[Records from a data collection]
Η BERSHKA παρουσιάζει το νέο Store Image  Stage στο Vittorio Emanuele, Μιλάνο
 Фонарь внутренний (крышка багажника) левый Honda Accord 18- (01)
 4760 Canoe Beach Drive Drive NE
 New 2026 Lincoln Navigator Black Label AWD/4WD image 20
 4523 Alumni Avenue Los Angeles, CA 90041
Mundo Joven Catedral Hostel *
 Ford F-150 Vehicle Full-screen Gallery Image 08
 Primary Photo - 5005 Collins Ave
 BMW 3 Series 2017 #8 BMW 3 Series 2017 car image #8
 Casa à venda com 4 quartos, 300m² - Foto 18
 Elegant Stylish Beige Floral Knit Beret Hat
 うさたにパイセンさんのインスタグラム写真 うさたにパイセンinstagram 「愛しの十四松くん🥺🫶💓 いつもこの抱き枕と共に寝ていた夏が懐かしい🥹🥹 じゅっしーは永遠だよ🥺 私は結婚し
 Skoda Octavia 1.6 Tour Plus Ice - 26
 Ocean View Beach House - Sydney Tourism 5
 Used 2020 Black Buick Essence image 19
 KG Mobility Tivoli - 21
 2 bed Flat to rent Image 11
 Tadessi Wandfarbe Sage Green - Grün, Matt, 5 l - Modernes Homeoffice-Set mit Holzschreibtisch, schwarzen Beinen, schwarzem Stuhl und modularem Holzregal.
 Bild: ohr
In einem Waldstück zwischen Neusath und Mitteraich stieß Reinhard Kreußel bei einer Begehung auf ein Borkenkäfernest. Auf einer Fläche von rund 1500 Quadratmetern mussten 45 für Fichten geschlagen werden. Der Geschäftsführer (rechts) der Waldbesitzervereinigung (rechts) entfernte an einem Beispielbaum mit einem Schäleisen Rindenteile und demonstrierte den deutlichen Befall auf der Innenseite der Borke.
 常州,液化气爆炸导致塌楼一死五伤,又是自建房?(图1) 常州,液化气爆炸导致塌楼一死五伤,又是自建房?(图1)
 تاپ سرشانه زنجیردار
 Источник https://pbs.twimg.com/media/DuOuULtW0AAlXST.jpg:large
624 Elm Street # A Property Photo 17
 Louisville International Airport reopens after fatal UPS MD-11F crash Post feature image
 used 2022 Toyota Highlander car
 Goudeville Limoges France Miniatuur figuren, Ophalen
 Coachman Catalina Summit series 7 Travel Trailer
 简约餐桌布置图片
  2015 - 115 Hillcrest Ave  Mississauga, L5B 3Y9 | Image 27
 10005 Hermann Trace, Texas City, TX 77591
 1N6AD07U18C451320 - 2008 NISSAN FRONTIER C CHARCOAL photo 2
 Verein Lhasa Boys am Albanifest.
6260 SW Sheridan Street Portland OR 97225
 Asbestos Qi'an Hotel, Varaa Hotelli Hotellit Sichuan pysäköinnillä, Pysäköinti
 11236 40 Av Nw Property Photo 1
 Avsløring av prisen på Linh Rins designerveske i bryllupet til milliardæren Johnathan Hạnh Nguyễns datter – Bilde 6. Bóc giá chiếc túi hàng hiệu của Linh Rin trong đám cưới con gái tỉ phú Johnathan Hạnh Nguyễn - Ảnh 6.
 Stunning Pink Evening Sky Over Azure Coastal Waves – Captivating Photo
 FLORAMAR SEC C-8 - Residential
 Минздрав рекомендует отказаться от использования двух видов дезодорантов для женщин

• **What to work on**
Look above for the line holding "BMW 3 Series 2017 #8" and the line holding "Avsløring av prisen". Retype both, and every line between them, word for word and nothing else.

• **Reply to the task**
 BMW 3 Series 2017 #8 BMW 3 Series 2017 car image #8
 Casa à venda com 4 quartos, 300m² - Foto 18
 Elegant Stylish Beige Floral Knit Beret Hat
 うさたにパイセンさんのインスタグラム写真 うさたにパイセンinstagram 「愛しの十四松くん🥺🫶💓 いつもこの抱き枕と共に寝ていた夏が懐かしい🥹🥹 じゅっしーは永遠だよ🥺 私は結婚し
 Skoda Octavia 1.6 Tour Plus Ice - 26
 Ocean View Beach House - Sydney Tourism 5
 Used 2020 Black Buick Essence image 19
 KG Mobility Tivoli - 21
 2 bed Flat to rent Image 11
 Tadessi Wandfarbe Sage Green - Grün, Matt, 5 l - Modernes Homeoffice-Set mit Holzschreibtisch, schwarzen Beinen, schwarzem Stuhl und modularem Holzregal.
 Bild: ohr
In einem Waldstück zwischen Neusath und Mitteraich stieß Reinhard Kreußel bei einer Begehung auf ein Borkenkäfernest. Auf einer Fläche von rund 1500 Quadratmetern mussten 45 für Fichten geschlagen werden. Der Geschäftsführer (rechts) der Waldbesitzervereinigung (rechts) entfernte an einem Beispielbaum mit einem Schäleisen Rindenteile und demonstrierte den deutlichen Befall auf der Innenseite der Borke.
 常州,液化气爆炸导致塌楼一死五伤,又是自建房?(图1) 常州,液化气爆炸导致塌楼一死五伤,又是自建房?(图1)
 تاپ سرشانه زنجیردار
 Источник https://pbs.twimg.com/media/DuOuULtW0AAlXST.jpg:large
624 Elm Street # A Property Photo 17
 Louisville International Airport reopens after fatal UPS MD-11F crash Post feature image
 used 2022 Toyota Highlander car
 Goudeville Limoges France Miniatuur figuren, Ophalen
 Coachman Catalina Summit series 7 Travel Trailer
 简约餐桌布置图片
  2015 - 115 Hillcrest Ave  Mississauga, L5B 3Y9 | Image 27
 10005 Hermann Trace, Texas City, TX 77591
 1N6AD07U18C451320 - 2008 NISSAN FRONTIER C CHARCOAL photo 2
 Verein Lhasa Boys am Albanifest.
6260 SW Sheridan Street Portland OR 97225
 Asbestos Qi'an Hotel, Varaa Hotelli Hotellit Sichuan pysäköinnillä, Pysäköinti
 11236 40 Av Nw Property Photo 1
 Avsløring av prisen på Linh Rins designerveske i bryllupet til milliardæren Johnathan Hạnh Nguyễns datter – Bilde 6. Bóc giá chiếc túi hàng hiệu của Linh Rin trong đám cưới con gái tỉ phú Johnathan Hạnh Nguyễn - Ảnh 6.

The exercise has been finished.